## EXERCISE DETAILS
From the entries below, gather every line containing the string "para".

## RAW DATA
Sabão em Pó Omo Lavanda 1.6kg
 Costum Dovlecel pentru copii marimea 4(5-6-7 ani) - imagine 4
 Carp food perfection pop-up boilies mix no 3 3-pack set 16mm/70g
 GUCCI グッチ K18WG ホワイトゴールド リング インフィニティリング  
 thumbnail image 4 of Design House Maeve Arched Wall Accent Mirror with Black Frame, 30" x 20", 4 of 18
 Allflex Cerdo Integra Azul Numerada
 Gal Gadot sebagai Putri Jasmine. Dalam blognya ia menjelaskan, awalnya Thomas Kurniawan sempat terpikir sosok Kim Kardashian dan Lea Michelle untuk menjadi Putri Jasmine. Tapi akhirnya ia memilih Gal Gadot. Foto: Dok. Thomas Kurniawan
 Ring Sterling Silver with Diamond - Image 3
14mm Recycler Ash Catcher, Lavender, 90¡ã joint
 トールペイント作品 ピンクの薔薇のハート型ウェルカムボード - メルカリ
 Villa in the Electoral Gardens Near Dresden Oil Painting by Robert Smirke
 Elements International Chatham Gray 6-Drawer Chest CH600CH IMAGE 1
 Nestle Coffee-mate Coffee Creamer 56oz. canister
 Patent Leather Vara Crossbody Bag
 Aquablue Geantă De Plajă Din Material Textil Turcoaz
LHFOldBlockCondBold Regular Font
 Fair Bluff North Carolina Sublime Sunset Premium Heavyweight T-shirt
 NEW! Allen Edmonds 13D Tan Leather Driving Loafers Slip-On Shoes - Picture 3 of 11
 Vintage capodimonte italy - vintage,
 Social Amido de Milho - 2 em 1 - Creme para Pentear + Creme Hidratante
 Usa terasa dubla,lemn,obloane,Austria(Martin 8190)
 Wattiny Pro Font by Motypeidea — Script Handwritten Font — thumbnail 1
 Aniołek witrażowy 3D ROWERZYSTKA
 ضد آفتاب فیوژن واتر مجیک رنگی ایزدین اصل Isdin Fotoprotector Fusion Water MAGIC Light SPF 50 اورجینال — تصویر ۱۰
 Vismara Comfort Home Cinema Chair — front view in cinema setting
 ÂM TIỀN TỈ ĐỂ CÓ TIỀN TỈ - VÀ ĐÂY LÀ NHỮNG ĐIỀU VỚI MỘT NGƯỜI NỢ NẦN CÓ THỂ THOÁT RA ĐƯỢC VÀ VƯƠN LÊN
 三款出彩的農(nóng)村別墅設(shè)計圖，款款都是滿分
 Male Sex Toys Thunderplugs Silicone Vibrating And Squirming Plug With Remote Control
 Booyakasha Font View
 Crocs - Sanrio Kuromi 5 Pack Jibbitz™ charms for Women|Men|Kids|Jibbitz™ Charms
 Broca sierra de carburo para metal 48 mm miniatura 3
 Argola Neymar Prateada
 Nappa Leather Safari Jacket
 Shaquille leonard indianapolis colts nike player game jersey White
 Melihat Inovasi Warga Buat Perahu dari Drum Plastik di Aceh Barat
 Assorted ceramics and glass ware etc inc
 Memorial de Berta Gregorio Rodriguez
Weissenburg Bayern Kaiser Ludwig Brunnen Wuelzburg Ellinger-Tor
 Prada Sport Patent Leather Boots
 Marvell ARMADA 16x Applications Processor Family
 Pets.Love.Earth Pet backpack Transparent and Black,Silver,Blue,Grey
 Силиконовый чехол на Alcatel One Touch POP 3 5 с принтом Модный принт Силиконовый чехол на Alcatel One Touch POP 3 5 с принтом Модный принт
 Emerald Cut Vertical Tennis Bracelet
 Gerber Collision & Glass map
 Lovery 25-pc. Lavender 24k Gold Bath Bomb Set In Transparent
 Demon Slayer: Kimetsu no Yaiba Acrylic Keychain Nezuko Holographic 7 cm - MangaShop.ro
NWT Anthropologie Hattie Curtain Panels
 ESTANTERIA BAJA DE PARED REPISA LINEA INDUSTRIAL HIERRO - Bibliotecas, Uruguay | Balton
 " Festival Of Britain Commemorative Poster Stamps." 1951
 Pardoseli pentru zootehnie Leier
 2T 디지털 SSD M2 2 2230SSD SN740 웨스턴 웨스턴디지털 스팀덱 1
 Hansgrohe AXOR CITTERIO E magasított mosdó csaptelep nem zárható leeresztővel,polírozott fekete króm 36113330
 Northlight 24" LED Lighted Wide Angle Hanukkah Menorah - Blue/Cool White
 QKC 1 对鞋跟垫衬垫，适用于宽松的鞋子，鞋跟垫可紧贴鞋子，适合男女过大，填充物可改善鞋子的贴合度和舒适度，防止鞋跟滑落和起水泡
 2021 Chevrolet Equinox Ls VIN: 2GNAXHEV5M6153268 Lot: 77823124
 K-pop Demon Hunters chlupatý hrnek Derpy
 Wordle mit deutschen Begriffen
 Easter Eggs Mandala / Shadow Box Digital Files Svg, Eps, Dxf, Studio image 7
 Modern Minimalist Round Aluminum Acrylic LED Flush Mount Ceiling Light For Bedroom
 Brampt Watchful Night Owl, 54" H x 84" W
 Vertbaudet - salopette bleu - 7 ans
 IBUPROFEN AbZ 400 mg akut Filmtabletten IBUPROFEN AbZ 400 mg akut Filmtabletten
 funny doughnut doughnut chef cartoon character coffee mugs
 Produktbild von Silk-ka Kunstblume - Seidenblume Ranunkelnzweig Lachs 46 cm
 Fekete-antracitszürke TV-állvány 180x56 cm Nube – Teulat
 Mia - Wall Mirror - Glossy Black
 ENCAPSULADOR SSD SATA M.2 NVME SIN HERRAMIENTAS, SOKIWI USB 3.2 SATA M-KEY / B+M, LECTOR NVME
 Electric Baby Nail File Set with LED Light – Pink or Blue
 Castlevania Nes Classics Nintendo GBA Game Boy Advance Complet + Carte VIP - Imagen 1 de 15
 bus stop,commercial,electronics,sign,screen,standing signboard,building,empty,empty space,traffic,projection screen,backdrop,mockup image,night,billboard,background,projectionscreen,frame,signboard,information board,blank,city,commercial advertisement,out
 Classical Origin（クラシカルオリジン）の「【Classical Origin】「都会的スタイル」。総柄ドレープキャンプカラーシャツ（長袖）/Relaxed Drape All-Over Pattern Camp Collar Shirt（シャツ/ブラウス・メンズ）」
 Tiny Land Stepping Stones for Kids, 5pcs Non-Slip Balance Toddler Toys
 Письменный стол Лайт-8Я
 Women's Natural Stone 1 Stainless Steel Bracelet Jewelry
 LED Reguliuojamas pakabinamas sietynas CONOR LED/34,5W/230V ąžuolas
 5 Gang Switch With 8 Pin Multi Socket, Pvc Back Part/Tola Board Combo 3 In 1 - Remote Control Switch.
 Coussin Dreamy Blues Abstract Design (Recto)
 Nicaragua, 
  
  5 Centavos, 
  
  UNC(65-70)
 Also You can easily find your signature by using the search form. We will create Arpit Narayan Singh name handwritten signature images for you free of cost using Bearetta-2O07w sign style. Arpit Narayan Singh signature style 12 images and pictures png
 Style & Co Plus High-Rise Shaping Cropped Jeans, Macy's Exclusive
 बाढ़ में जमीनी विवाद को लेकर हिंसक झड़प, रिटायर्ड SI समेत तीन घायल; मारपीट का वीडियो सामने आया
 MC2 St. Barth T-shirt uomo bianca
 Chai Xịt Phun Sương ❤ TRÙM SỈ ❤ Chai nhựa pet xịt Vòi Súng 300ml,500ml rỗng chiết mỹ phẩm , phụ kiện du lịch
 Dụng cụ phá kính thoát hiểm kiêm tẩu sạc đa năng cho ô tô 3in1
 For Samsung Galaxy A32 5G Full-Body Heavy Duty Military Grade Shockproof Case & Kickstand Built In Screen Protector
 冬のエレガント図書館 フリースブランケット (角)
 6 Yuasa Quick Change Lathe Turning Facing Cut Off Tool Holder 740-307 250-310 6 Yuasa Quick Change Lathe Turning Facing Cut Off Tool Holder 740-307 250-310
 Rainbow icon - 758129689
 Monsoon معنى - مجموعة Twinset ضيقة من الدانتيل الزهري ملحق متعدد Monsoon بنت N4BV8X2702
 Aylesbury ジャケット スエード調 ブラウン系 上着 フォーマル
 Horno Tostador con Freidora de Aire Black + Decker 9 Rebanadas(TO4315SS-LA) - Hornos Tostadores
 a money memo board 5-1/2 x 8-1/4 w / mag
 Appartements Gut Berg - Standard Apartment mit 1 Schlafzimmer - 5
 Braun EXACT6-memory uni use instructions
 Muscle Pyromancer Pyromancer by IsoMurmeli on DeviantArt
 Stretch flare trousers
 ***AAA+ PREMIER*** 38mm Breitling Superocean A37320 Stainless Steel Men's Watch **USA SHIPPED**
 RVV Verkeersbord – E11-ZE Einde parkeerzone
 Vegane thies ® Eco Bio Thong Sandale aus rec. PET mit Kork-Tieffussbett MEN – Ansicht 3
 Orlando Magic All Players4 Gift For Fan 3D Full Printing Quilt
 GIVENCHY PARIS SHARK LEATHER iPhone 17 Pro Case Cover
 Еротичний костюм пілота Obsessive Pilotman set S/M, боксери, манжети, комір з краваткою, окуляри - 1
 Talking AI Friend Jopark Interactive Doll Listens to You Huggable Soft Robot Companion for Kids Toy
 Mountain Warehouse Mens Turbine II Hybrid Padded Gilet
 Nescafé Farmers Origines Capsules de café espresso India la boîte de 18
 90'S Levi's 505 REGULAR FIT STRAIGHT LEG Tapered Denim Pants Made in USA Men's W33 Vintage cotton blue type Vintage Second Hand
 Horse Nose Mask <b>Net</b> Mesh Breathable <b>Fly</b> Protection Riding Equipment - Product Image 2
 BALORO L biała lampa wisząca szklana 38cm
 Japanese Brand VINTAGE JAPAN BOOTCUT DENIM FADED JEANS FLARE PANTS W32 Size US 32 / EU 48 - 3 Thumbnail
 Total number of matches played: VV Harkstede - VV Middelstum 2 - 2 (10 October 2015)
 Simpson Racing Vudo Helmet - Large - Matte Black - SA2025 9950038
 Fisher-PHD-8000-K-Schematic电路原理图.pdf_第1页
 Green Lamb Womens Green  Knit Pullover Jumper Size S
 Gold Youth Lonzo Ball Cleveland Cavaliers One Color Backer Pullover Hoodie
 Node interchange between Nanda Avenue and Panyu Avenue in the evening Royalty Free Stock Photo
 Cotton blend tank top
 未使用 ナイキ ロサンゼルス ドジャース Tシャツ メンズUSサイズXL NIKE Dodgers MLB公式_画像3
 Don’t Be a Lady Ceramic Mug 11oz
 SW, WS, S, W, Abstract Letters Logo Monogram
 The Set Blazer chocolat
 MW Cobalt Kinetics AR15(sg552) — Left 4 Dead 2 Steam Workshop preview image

## SOLUTION
 Social Amido de Milho - 2 em 1 - Creme para Pentear + Creme Hidratante
 Broca sierra de carburo para metal 48 mm miniatura 3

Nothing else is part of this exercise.